A quote that I love and keep on a piece of paper on my desk at work, from a Washington Post article a few years ago, is this:
“Life seems to be a continual act of coming out, isn’t it? The boundaries we think are uncrossable, the unnamable corners of our soul that we live in fear of bringing to light . . . are the very regions that allow us to feel complete if we dare to explore them. So thank you for crossing borders, shining a light into those corners — they only make you more lovable, more admirable.”
I love this quote because it reminds me to be who I am, and how coming out makes me more true to who I am and more complete.
I came out at work almost two years ago. I think of myself as out in all parts of my life. But as the quote says, ‘life is a continual act of coming out’. I sit on the board of a company, owned by my employer and five other companies, that provide back-office services and operations to all the owner companies. The board meets four times a year. Up until the past few days, I had not come out to the board or the leadership of the company.
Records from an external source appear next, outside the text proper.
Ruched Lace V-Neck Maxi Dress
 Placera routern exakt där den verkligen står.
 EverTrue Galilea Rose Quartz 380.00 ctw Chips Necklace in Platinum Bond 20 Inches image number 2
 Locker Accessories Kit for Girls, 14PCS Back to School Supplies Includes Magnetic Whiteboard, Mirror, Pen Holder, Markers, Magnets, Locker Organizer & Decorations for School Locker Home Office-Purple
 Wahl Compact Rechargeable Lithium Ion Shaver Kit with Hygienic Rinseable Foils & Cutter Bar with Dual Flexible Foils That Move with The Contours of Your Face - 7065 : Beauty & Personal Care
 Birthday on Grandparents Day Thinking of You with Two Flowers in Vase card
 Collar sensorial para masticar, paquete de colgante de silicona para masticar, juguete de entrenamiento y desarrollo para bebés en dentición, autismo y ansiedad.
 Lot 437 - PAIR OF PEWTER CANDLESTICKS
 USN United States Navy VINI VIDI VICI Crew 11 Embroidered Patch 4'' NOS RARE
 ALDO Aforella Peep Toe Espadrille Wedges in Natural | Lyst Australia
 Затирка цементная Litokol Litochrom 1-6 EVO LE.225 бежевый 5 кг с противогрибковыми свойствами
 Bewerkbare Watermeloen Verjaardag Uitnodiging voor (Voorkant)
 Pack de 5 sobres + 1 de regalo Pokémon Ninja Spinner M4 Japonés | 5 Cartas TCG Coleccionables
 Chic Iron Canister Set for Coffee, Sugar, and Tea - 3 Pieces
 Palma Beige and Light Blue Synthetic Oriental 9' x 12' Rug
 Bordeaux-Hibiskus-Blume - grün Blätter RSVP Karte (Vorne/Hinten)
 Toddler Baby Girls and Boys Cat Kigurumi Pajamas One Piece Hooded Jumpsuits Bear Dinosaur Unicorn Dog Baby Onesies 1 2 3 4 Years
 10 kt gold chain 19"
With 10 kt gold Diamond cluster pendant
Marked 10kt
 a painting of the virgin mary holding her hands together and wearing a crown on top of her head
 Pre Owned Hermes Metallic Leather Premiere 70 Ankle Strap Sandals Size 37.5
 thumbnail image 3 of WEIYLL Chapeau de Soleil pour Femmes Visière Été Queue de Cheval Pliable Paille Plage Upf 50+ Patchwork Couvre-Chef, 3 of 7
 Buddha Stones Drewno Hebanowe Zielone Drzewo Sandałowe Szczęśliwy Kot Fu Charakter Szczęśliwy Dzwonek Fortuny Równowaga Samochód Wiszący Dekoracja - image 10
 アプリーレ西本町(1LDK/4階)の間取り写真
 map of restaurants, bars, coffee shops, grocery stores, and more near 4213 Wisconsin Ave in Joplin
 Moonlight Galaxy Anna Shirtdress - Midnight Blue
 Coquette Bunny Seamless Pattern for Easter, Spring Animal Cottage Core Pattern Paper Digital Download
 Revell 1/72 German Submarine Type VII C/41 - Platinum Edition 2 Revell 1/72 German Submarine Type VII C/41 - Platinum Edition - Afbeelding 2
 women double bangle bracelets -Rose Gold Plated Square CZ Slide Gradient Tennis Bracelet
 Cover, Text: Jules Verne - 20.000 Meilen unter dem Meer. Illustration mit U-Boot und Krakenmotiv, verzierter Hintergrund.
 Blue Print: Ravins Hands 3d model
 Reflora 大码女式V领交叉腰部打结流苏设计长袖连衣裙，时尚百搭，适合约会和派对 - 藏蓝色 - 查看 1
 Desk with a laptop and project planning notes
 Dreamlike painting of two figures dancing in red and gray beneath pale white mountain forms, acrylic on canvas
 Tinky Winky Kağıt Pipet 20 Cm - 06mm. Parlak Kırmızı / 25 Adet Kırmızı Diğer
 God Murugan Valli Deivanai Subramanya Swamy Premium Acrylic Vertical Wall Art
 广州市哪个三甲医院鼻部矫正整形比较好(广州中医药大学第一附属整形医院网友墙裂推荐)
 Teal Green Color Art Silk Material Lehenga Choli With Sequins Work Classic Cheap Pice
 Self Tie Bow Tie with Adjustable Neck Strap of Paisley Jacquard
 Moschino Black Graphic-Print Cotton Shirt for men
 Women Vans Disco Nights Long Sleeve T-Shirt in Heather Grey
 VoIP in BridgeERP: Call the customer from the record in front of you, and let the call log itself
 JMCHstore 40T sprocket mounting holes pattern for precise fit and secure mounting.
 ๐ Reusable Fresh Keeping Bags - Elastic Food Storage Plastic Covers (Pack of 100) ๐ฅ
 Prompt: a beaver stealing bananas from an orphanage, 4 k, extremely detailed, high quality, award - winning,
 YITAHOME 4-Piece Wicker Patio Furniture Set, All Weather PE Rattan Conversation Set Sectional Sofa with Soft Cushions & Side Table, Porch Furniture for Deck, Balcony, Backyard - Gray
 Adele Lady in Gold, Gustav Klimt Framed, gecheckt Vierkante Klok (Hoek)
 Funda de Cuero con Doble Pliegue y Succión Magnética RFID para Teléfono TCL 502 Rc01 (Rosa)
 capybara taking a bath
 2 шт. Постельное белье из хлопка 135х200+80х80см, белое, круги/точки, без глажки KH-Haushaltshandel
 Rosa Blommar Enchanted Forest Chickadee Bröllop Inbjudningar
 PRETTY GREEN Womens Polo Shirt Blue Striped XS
There really was not a good reason that I had not come out to this group, but there were a number of things that I told myself that held me back. We only meet four times a year for a day and a half. It somehow never seemed like the right time to bring up my sexual orientation in these settings. Also, until recently, most of the board members were men. They are the kind of men who I have always felt uncomfortable with. They are successful, driven, bottom line, sports-oriented kind of men. One of the men is a life long scout leader, which gave me some concern. But I just learned that this same man is part of his company’s diversity council. Who knew? Another man’s wife talks about how much fundamentalist religion plays a large part in their lives, which always makes me nervous when it comes to being gay. But in some ways, these are just excuses because in coming out, I can be true to who I am and maybe change some minds about what it means to be gay.
So what changed? Last year one of the Vice Presidents of the company brought her wife to our annual meeting and I came out to her. Recently she has encouraged me to bring the man I’ve been dating for the last year to our annual meeting that just finished. Her words of encouragement have been on my mind. But maybe, more importantly, my partner and I recently completed a year together since our first date in January of 2015. He has become a more permanent part of my life. By not talking about who I am, is in some ways to deny this important part of my life. So I decided that it was time to start coming out to this group.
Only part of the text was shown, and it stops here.